Skip considered, counseled by the gentle roll of the fishing boat. “If she were all I had? Yes, I suppose I would, in a feeble, middle-aged way. I wouldn’t succeed, and I know it. But I’d try to postpone failure.”
“She’s my mother. What if I take after her?”
“I answered that already.”
“Fair enough. Did you notice the corpse in the water? No, I can see you didn’t. It was close to the wharf. You had to look almost straight down.”
“Perhaps we should have reported it,” Skip said.
“I thought of that, but we didn’t have much time and we couldn’t have helped him. He was floating facedown, and part of his head was gone.”
“Don’t cry. Please.” He embraced her.
“It’s just … Thanks for the hug.”
“Anytime.” Skip held her a little more tightly.
“I couldn’t think of his name, but nobody could forget that shirt. He came to stand with us when we were waiting to get off the ship. He was at the party.”
“Albano Alamar.”
“Yeah. Him.” Chelle wept.
Not knowing what else to say, Skip said, “I imagine that could be a rough town at night.”

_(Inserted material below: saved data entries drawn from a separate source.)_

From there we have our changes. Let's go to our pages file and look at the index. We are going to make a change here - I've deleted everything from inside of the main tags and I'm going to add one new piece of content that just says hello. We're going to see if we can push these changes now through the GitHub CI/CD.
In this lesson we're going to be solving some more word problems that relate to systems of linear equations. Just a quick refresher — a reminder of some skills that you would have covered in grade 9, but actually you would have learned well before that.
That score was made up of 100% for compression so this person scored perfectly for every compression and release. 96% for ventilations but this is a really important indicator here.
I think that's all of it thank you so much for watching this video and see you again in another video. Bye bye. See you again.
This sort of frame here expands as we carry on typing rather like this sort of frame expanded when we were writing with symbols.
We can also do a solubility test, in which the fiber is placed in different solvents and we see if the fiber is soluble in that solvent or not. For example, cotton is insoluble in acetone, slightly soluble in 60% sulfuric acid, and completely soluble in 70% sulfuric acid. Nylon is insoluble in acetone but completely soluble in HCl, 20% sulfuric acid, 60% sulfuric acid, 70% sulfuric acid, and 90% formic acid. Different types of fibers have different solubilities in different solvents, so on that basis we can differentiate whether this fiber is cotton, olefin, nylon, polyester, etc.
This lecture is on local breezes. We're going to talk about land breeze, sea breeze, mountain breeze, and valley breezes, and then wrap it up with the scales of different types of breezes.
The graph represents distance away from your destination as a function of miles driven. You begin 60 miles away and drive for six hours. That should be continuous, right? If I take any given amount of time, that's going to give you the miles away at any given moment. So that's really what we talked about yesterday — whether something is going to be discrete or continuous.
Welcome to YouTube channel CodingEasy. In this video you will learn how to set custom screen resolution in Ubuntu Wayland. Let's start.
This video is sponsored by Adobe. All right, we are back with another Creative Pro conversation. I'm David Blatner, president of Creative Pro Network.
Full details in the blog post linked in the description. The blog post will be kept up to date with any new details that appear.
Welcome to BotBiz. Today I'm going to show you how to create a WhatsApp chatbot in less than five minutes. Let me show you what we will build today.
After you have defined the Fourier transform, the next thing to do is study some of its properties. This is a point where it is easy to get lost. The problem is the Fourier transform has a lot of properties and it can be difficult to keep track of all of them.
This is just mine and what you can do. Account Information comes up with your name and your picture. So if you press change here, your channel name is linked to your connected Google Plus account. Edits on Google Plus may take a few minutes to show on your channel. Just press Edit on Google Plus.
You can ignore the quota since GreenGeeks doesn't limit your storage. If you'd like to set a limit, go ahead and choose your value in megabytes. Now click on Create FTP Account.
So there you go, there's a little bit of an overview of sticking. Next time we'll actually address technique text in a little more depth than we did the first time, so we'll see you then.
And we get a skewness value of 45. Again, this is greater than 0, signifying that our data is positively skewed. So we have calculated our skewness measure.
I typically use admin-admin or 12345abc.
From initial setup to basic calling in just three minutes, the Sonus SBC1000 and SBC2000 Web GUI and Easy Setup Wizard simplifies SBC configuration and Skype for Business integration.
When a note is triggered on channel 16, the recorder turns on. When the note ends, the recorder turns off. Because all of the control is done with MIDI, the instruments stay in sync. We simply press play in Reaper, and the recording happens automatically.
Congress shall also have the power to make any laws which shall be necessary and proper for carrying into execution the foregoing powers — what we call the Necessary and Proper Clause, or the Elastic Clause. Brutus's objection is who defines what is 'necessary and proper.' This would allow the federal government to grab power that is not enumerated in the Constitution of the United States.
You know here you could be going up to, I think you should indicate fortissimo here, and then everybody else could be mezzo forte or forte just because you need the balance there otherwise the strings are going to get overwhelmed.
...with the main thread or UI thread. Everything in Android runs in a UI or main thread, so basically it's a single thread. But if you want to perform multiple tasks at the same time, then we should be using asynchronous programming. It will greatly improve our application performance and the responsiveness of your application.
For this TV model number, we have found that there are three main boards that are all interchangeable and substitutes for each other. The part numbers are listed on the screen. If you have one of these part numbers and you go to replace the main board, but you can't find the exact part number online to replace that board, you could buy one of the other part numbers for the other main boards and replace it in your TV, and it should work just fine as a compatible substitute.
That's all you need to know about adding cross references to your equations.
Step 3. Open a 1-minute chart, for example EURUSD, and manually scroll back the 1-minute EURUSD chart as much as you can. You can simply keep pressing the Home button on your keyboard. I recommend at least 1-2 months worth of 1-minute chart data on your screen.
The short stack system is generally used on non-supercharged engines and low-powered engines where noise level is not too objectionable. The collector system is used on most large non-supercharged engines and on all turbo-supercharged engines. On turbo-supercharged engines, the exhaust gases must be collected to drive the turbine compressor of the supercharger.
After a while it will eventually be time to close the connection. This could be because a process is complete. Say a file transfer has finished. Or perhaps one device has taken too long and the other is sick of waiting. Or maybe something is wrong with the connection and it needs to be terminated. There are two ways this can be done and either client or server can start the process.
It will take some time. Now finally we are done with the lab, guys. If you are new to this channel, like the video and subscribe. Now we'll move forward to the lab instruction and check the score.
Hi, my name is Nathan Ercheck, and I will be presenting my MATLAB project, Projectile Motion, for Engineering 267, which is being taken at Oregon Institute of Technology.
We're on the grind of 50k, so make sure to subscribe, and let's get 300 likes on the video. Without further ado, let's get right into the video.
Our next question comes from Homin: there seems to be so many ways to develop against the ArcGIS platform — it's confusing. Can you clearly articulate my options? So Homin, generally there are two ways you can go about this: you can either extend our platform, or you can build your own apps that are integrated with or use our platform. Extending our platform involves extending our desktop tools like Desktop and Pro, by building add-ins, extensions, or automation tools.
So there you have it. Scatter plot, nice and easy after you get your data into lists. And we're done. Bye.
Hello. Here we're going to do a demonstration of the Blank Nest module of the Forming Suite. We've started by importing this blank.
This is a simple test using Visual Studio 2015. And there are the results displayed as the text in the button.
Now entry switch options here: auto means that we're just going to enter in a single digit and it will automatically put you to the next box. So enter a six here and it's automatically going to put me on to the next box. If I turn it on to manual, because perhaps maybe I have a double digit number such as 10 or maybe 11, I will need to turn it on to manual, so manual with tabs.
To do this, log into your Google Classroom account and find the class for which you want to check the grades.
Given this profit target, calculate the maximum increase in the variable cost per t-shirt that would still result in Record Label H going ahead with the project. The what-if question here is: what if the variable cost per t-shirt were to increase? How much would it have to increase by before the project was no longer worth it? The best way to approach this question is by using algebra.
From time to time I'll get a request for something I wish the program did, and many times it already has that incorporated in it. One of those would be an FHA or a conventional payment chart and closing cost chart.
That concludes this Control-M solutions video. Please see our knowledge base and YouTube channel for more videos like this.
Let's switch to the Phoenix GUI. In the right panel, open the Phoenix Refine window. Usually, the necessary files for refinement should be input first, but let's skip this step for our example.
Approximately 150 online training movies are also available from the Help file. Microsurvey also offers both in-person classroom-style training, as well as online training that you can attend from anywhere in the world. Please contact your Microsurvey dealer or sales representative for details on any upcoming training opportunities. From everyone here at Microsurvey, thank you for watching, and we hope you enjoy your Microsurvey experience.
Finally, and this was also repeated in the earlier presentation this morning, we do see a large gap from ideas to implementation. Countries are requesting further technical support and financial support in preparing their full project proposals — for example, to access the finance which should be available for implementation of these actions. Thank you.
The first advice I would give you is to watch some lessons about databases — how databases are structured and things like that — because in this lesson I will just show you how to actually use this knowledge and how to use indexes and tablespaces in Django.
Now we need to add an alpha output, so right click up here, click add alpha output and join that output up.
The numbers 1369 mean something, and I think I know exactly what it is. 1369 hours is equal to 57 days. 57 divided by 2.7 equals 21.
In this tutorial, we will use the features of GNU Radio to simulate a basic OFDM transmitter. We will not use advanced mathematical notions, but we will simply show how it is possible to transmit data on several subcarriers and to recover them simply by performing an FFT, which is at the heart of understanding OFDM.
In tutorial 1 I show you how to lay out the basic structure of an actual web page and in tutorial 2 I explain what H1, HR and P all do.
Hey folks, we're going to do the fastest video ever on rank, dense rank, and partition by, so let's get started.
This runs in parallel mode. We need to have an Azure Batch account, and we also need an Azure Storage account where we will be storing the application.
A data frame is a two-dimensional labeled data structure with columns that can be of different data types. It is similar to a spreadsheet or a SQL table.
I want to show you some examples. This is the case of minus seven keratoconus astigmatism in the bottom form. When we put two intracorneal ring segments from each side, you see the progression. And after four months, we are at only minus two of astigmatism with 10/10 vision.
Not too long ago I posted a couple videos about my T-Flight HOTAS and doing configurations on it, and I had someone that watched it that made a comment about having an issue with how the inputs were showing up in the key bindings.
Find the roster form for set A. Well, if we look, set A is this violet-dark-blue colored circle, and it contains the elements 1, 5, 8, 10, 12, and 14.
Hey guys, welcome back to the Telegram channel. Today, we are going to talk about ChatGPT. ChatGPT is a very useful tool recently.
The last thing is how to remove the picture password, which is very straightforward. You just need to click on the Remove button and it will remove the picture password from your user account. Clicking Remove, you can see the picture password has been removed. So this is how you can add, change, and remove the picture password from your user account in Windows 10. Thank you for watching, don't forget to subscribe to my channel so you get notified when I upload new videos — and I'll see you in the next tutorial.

It did not seem to help. When Vanessa joined them a few minutes later, that did not help either.
* * *
Ten or twelve hours later, their captain shouted up at the ship, making a trumpet of his hands. After what seemed a long wait, a dark-faced man with a thin mustache looked over the side. “You desire to come on board?”
“Yes!” Skip called. “Two passengers and an employee! We were left behind!”
The dark face vanished. Vanessa said, “What’s the matter with them?”
Skip was getting out his wallet. “I imagine they’re debating how to get us on board without stopping the ship.”
He had paid the owner when the dark face reappeared. “You, señor. You first. Then the other man. Then the women.”
“Whatever became of women and children first?” Vanessa muttered.
Chelle said, “They don’t want to be accused of feeling us up afterward. Do we want Achille, Skip?”
He shook his head. “I’ll tell them when I get on board.”
A rope was thrown into the fishing boat and tied to a mast. After fifteen minutes or more it became the monorail of a canvas contrivance resembling a pair of trousers.
Vanessa raised her eyebrows. “I thought they’d lower a boat for us.”
Without replying, Skip stepped over the broad ring that formed the waistband, and pulled it up. A moment later, ring and trousers pulled him up, moving him almost horizontally at first, then higher and higher until two swarthy men grabbed him and heaved him across the Main Deck railing.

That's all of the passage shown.